Par un mémoire enregistré le 30 septembre 2015, Chambéry Métropole, représentée par Me B..., demande à la cour :

1°) à titre principal, de déclarer irrecevable la demande de Chambéry Alpes Habitat fondée sur sa responsabilité pour faute, de confirmer le jugement attaqué en toutes ses dispositions et de mettre à la charge de Chambéry Alpes Habitat la somme de 4 000 euros au titre de l'article L. 761-1 du code de justice administrative ;

2°) subsidiairement, de constater qu'aucun manquement ne peut lui être imputé, de rejeter toutes les demandes présentées à son encontre, de laisser les frais et honoraires d'expertise à la charge de Chambéry Alpes Habitat et de mettre à sa charge la somme de 4 000 euros au titre de l'article L. 761-1 du code de justice administrative ;

3°) à " titre infiniment subsidiaire ", de limiter à 75 121,54 euros la somme susceptible d'être allouée à Chambéry Alpes Habitat dont la responsabilité devra être retenue au moins à hauteur de 22 % des conséquences dommageables du sinistre ; de condamner solidairement les sociétés Ginger CEBTP Démolition, Arnaud Démolition, et Franki Fondation à la garantir des condamnations prononcées à son encontre, à payer les frais et honoraires d'expertise et à lui verser la somme de 4 000 euros au titre de l'article L. 761-1 du code de justice administrative.
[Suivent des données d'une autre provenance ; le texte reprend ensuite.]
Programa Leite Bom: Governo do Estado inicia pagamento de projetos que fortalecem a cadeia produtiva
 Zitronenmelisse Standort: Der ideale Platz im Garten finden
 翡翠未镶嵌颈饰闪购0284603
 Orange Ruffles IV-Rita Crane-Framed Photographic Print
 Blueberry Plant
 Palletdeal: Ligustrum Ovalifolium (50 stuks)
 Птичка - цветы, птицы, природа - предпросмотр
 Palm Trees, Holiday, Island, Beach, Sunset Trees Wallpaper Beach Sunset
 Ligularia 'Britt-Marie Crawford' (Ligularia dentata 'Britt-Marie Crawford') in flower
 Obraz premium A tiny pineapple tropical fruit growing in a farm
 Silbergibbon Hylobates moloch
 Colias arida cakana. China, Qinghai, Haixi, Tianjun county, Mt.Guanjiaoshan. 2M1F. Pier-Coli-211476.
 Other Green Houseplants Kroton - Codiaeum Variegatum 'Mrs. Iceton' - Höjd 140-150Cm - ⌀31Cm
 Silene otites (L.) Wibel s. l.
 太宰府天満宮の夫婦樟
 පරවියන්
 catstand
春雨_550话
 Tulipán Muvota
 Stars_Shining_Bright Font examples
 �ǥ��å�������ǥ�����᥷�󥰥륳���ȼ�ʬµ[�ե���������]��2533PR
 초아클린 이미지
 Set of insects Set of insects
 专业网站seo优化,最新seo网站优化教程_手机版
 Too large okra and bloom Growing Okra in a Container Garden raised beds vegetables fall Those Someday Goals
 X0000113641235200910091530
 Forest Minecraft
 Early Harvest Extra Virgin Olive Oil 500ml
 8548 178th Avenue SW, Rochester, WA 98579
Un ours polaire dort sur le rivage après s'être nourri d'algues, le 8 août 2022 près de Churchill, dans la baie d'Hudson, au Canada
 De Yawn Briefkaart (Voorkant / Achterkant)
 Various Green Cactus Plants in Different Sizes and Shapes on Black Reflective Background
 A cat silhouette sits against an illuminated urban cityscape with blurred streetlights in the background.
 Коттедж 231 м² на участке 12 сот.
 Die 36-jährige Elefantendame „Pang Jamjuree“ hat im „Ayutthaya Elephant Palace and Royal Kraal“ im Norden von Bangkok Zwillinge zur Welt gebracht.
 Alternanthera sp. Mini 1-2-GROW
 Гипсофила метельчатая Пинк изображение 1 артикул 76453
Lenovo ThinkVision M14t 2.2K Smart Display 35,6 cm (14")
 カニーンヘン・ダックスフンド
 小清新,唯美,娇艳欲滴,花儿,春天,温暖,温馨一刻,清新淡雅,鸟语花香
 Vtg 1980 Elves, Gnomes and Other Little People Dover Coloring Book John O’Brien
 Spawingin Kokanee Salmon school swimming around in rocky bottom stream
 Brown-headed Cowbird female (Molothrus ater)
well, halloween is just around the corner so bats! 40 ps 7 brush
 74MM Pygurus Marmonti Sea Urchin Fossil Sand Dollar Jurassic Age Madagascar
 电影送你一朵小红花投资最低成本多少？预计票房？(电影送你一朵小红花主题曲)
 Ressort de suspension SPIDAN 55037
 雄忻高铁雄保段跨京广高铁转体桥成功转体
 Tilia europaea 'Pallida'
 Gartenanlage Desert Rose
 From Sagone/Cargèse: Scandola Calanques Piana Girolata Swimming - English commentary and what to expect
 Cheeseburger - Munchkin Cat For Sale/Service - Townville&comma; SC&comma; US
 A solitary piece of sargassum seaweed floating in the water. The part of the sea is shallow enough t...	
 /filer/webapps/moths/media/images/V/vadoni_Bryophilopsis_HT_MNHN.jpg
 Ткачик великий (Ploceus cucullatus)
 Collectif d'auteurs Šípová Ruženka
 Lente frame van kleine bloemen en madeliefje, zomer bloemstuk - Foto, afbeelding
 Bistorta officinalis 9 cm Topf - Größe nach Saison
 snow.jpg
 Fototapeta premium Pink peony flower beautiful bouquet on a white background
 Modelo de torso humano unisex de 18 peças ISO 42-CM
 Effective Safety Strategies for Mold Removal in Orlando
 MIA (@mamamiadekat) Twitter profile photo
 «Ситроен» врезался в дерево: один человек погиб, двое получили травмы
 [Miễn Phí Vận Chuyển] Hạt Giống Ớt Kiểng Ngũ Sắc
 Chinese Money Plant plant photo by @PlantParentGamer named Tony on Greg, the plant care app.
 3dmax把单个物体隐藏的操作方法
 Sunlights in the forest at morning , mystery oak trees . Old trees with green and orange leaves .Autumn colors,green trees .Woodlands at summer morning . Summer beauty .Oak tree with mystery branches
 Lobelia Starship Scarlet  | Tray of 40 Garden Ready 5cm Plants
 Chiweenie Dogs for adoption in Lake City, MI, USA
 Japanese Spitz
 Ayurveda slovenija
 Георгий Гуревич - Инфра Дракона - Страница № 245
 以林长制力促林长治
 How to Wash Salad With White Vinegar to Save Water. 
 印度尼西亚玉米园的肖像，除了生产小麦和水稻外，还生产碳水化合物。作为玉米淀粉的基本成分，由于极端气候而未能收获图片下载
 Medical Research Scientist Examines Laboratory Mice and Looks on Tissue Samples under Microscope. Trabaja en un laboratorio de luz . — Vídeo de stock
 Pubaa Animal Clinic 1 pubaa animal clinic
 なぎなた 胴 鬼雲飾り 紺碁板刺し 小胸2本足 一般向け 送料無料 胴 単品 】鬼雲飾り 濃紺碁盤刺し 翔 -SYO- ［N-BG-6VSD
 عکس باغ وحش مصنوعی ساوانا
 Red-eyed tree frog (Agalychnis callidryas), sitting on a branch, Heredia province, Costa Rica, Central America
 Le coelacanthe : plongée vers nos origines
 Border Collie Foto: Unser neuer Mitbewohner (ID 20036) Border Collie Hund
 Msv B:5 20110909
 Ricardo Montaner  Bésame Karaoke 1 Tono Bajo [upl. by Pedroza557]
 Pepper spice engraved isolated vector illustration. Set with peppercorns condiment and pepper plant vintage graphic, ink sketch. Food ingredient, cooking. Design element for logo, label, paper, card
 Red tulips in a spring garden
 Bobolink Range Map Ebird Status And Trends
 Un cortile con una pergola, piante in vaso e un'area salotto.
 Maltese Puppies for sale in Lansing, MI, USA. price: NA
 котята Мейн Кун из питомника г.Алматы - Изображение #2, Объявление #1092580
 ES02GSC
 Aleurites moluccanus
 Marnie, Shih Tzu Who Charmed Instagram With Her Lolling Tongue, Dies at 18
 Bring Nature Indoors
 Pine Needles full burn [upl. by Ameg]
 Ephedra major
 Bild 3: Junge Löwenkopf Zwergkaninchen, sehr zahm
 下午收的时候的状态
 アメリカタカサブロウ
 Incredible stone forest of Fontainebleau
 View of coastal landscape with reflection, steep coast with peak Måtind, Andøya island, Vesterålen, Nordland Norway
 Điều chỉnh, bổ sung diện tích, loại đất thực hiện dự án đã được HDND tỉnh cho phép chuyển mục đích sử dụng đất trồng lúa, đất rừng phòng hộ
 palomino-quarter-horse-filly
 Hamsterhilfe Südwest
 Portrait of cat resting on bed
Chambéry Métropole fait valoir que :

- contrairement à ce que soutient Chambéry Alpes Habitat, la demande présentée dans le mémoire du 14 octobre 2014 était uniquement fondée sur sa responsabilité sans faute ; dans sa requête Chambéry Alpes Habitat ne précisait pas le fondement juridique de ses demandes ; ce n'est qu'en cause d'appel que Chambéry Alpes Habitat tente d'engager sa responsabilité pour faute et ces conclusions sont donc irrecevables ;

- sa responsabilité sur le fondement des dommages de travaux publics ne pourra qu'être écartée ; elle n'a pas la qualité de maître d'ouvrage, mais uniquement celle de concessionnaire du réseau d'assainissement ; les dommages ne sont pas imputables à ces réseaux mais aux travaux réalisés par Chambéry Alpes Habitat ;

- à titre subsidiaire, elle n'a commis aucune faute, quoi qu'en conclue le rapport d'expertise ; elle a réalisé une campagne de reconnaissance et produit un rapport d'inspection télévisé des réseaux d'assainissement qui a été adressé à Chambéry Alpes Habitat ; ce rapport identifiait bien la canalisation litigieuse ; il n'y a pas eu d'autre demande d'investigation et ses directives quant à la nécessité d'une nouvelle réunion technique n'ont jamais été respectées ;

- à titre infiniment subsidiaire, certaines sommes auraient dû en tout état de cause être supportées par Chambéry Alpes Habitat (bouchage des canalisations et coût d'intervention d'un robot) ; et les sociétés Ginger CEBTP Démolition, Arnaud Démolition et Franki Fondation ont manqué à leurs obligations.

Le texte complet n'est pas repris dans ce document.